Nach dem Gesagten ist die Beschwerde gutzuheissen und der

Beschwerdegegner anzuweisen, dem Beschwerdeführer eine Aufenthaltsbewilligung

zu erteilen.

7.

Ausgangsgemäss sind die Kosten des Rekurs- und des

Beschwerdeverfahrens dem Beschwerdegegner aufzuerlegen (§ 13 Abs. 2 Satz 1

[teilweise] in Verbindung mit § 65a Abs. 2 VRG). Desgleichen

hat dieser dem Beschwerdeführer eine angemessene Parteientschädigung von

Fr. 1'500.- für das Rekurs- und Fr. 1'000.- für das

Beschwerdeverfahren zu bezahlen (§ 17 Abs. 2 lit. a VRG).

Das Gesuch des Beschwerdeführers um unentgeltliche

Prozessführung im Beschwerdeverfahren ist mit Blick auf die angeordnete

Kostenfolge als gegenstandslos geworden abzuschreiben.

8.

Zur Rechtsmittelbelehrung des nachstehenden Dispositivs

ist Folgendes zu erläutern: Soweit ein Anwesenheitsanspruch des Beschwerdeführers

geltend gemacht wird, ist die Beschwerde in öffentlich-rechtlichen

Angelegenheiten nach Art. 82 ff. des Bundesgerichtsgesetzes vom

17.

Juni 2005 (BGG, SR 173.110) zulässig. Ansonsten steht die

subsidiäre Verfassungsbeschwerde gemäss Art. 113 ff. BGG offen.

Demgemäss erkennt die

Kammer:

1.

Die

Beschwerde wird gutgeheissen. Dispositiv-Ziff. I des Entscheids der

Sicherheitsdirektion vom 10. Januar 2024 und die Verfügung des

Migrationsamts vom 24. August 2023 werden aufgehoben.

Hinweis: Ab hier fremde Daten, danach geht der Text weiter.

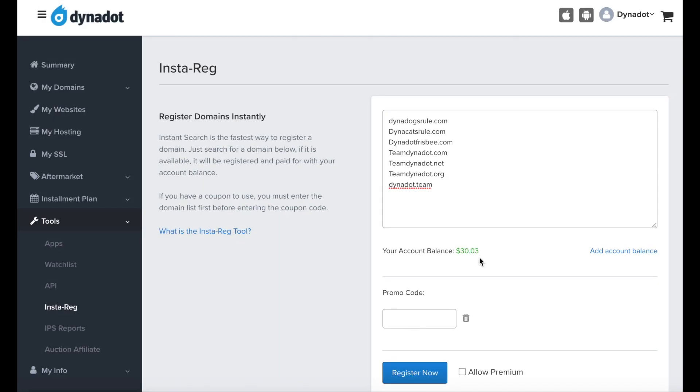You can also check the Allow Premium box to purchase any premium domains on your list, which usually have a higher cost.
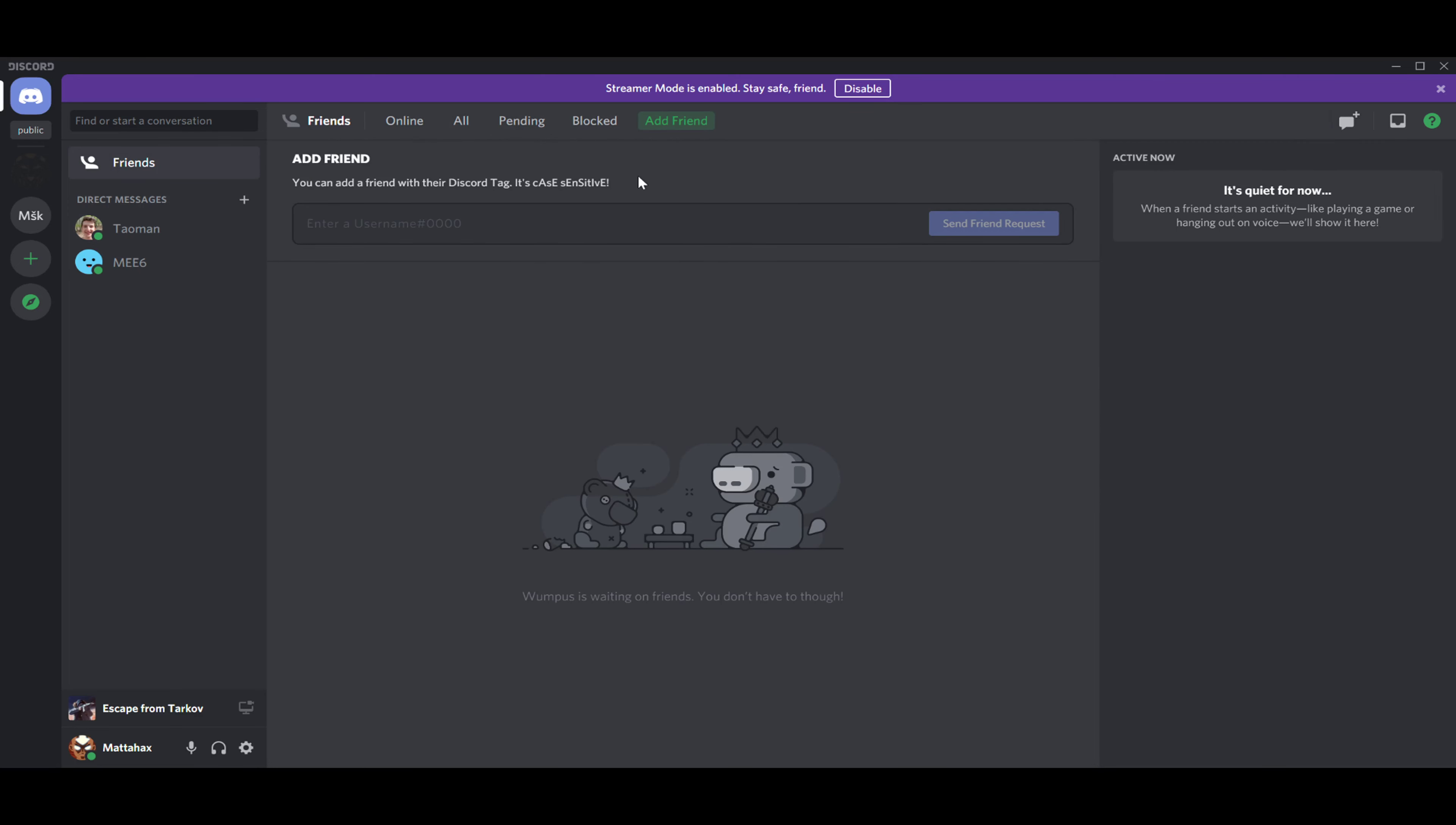We have to go to the last one, the green 'Add Friend,' and that's where it gets really tricky. You have to get your username right, even with the slash and four digit number.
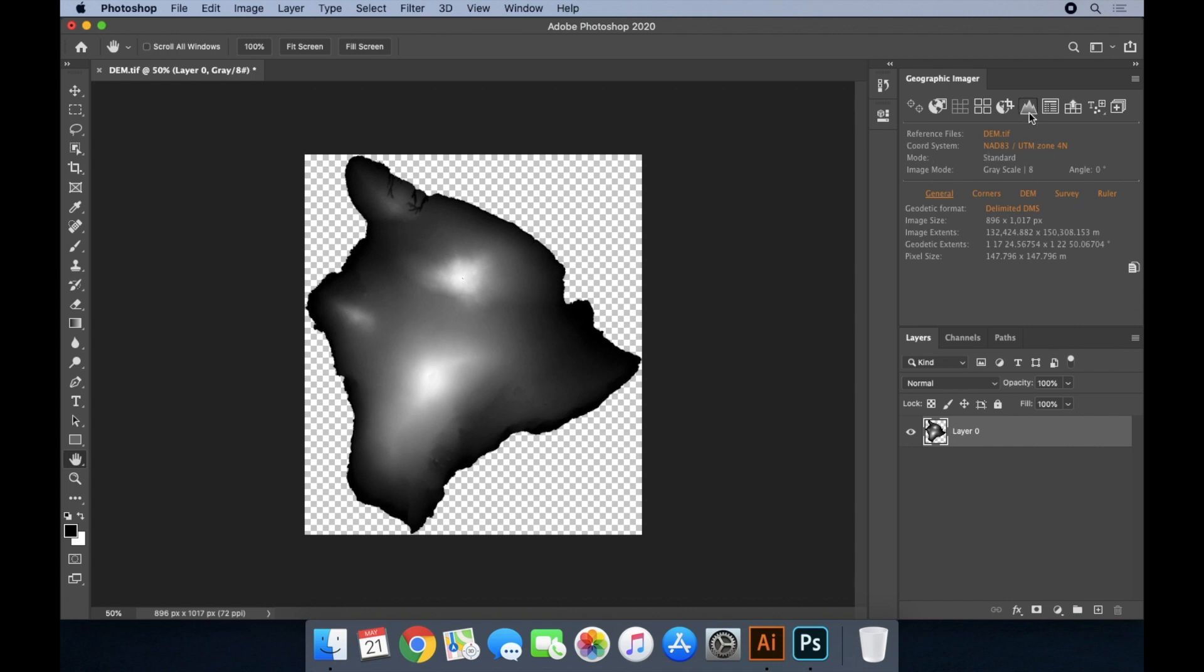This example of raster data is called a digital elevation model. Each pixel has a value assigned to it which corresponds to the elevation above sea level at that location. The elevation values are mapped to a grayscale colour ramp, with black representing lowest elevation, white representing the highest elevation, and shades of grey are the elevation values in between the minimum and the maximum.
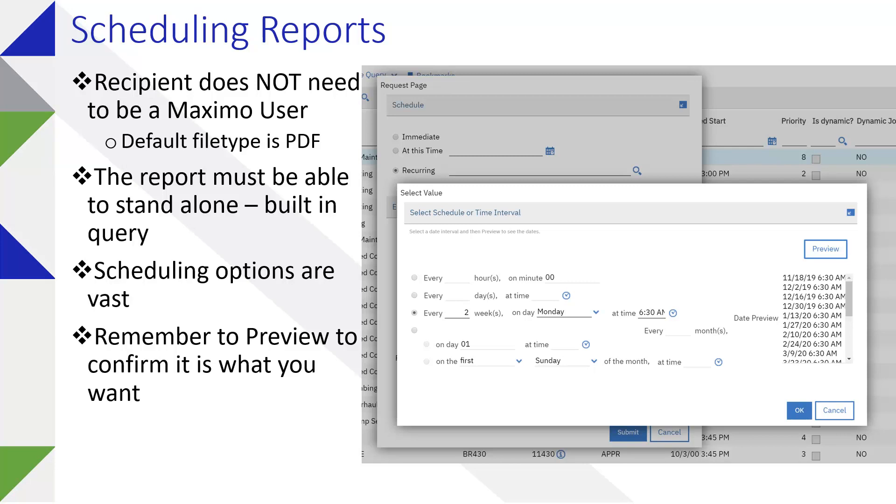Hello. I had a question recently at the Atlanta Maximo User Group around scheduling reports, so I figured I'd take a few minutes and cover that since I didn't have enough time.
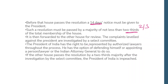The President of India has the right to be represented by authorized lawyers during the impeachment process. He has the option of defending himself or appointing a lawyer or the Attorney General of India to do so. If the other House also passes the resolution by a two-thirds majority after the select committee investigation, then the President of India stands impeached.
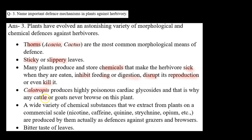Next, Calotropis produces highly poisonous cardiac glycosides, and that is why any cattle or goats never browse on this plant. Hamaare jagah jagah pe Calotropis laga rehta hai, which is a wild plant. Toh jo Calotropis hota hai, woh cardiac glycosides produce karta hai, jo ki highly poisonous hote hain, jiski wajah se koi bhi cattle ya koi bhi goat un par feed nahi karti.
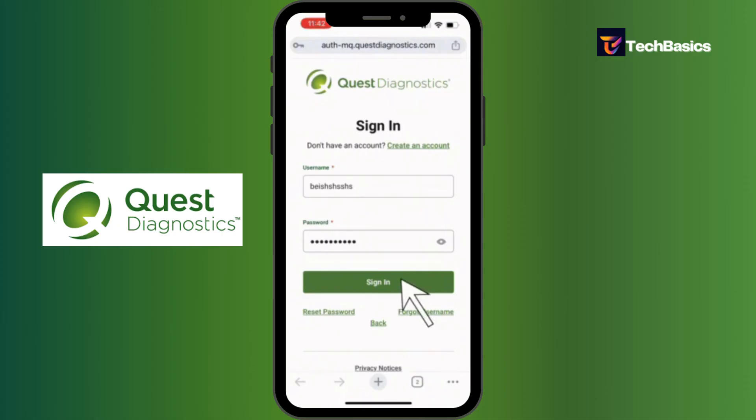That's it! All you gotta do now is tap the sign-in button and you'll be signed into your Quest Diagnostics account. I hope this video was helpful.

Das Migrationsamt

wird angewiesen, dem Beschwerdeführer eine Aufenthaltsbewilligung zu erteilen.

In

Abänderung von Dispositiv-Ziff. II und III des Entscheids der

Sicherheitsdirektion vom 10. Januar 2024 werden die Kosten des

Rekursverfahrens dem Beschwerdegegner auferlegt und wird dieser verpflichtet,

dem Beschwerdeführer für das Rekursverfahren eine Parteientschädigung von Fr. 1'500.-

zu bezahlen.

2.

Die

Gerichtsgebühr wird festgesetzt auf

Fr. 2'000.--; die übrigen Kosten betragen:

Fr. 70.-- Zustellkosten,

Fr. 2'070.-- Total der Kosten.

3.

Die

Gerichtskosten werden dem Beschwerdegegner auferlegt.

4.

Das

Gesuch um unentgeltliche Prozessführung für das Beschwerdeverfahren wird als

gegenstandslos geworden abgeschrieben.

5.

Der

Beschwerdegegner wird verpflichtet, dem Beschwerdeführer für das

Beschwerdeverfahren eine Parteientschädigung von Fr. 1'000.- zu bezahlen.

6.

Gegen

dieses Urteil kann im Sinn der Erwägungen Beschwerde erhoben werden. Sie ist

innert 30 Tagen ab Zustellung beim Bundesgericht, 1000 Lausanne 14,

einzureichen.

7.

Mitteilung an:

a) die Parteien;

b) die Sicherheitsdirektion;

c) das Staatssekretariat für Migration (SEM).